The two scientists have wildly different strategies for dealing with what appears to be a highly intelligent ant incursion, and in fact the film details quite convincingly that the ants are indeed pretty darned smart. (The film utilizes a lot of Hellstrom Chronicle-esque insect photography by Ken Middleham, who indeed performed a similar service for that fake documentary.) Ultimately the two men have a human interloper to deal with as well, a young woman named Kendra (Lynne Frederick) who becomes convinced that she has the solution to stop the ant invasion.

While Phase IV is never as flat out goofy as Empire of the Ants, it’s also not quite as smart as it could have been, wasting some of its dramatic momentum in dead ends like a putative relationship between one of the scientists and Kendra and in fact in some repetitive elements that play out as the scientists argue about how best to deal with the menace. Interestingly, one of the film’s most stylish elements, a several minute montage that capped the film, was excised shortly after release. Original film elements for this surreal sequence (one that recalls both Salvador Dali and Luis Buñuel) were evidently found and scanned a couple of years ago for a restored version of Phase IV which screened theatrically, but this version does not feature it, sadly. You can see a lo-fi version of it here.

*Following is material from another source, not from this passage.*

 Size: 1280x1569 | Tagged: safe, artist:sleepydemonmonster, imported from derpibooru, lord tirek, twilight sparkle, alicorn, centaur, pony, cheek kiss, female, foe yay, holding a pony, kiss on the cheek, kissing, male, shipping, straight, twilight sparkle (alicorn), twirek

Phase IV Blu-ray Movie, Video Quality  3.0 of 5

Phase IV is presented on Blu-ray courtesy of Olive Films with an AVC encoded 1080p transfer in 1.78:1. Phase IV has a lot of opticals from virtually the get go, and that technique in and of itself adds softness, graininess and dirt in abundance to a wide variety of shots. But even non-optical sequences look fairly dowdy quite a bit of the time here, with a faded palette that is skewed pretty dramatically toward the brown end of things, and a fairly soft appearance on several occasions, something that is only exacerbated by an at times extremely heavy grain field. Detail can still be quite good in some close-ups (see screenshot 4). Elements have a fair amount of age related wear and tear in terms of things like scratches, dirt and minus density.


Phase IV Blu-ray Movie, Audio Quality  3.5 of 5

Phase IV features a workmanlike if occasionally boxy sounding DTS-HD Master Audio 2.0 mono track, one that supports the film's dialogue and voice over, bu which struggles at times to offer really crisp delineation, especially with regard to the rather interesting score by a coalition of different composers. Fidelity is good, with no real age related damage, but with a certain inherent narrowness that keeps the track from ever being overly vivid or forceful.


Phase IV Blu-ray Movie, Special Features and Extras  n/a of 5

There are no supplements of any kind included on this Blu-ray disc.


Phase IV Blu-ray Movie, Overall Score and Recommendation  3.0 of 5

Though it was no doubt intentional, one of the more ironic things about Phase IV is that it lacks a Saul Bass credits sequence. What it also lacks is a coherent style and a convincing storyline. The film still has some really interesting elements, including the spectacular nature photography, but Phase IV is probably best appreciated as a curio. As such, and with caveats noted, Phase IV comes Recommended.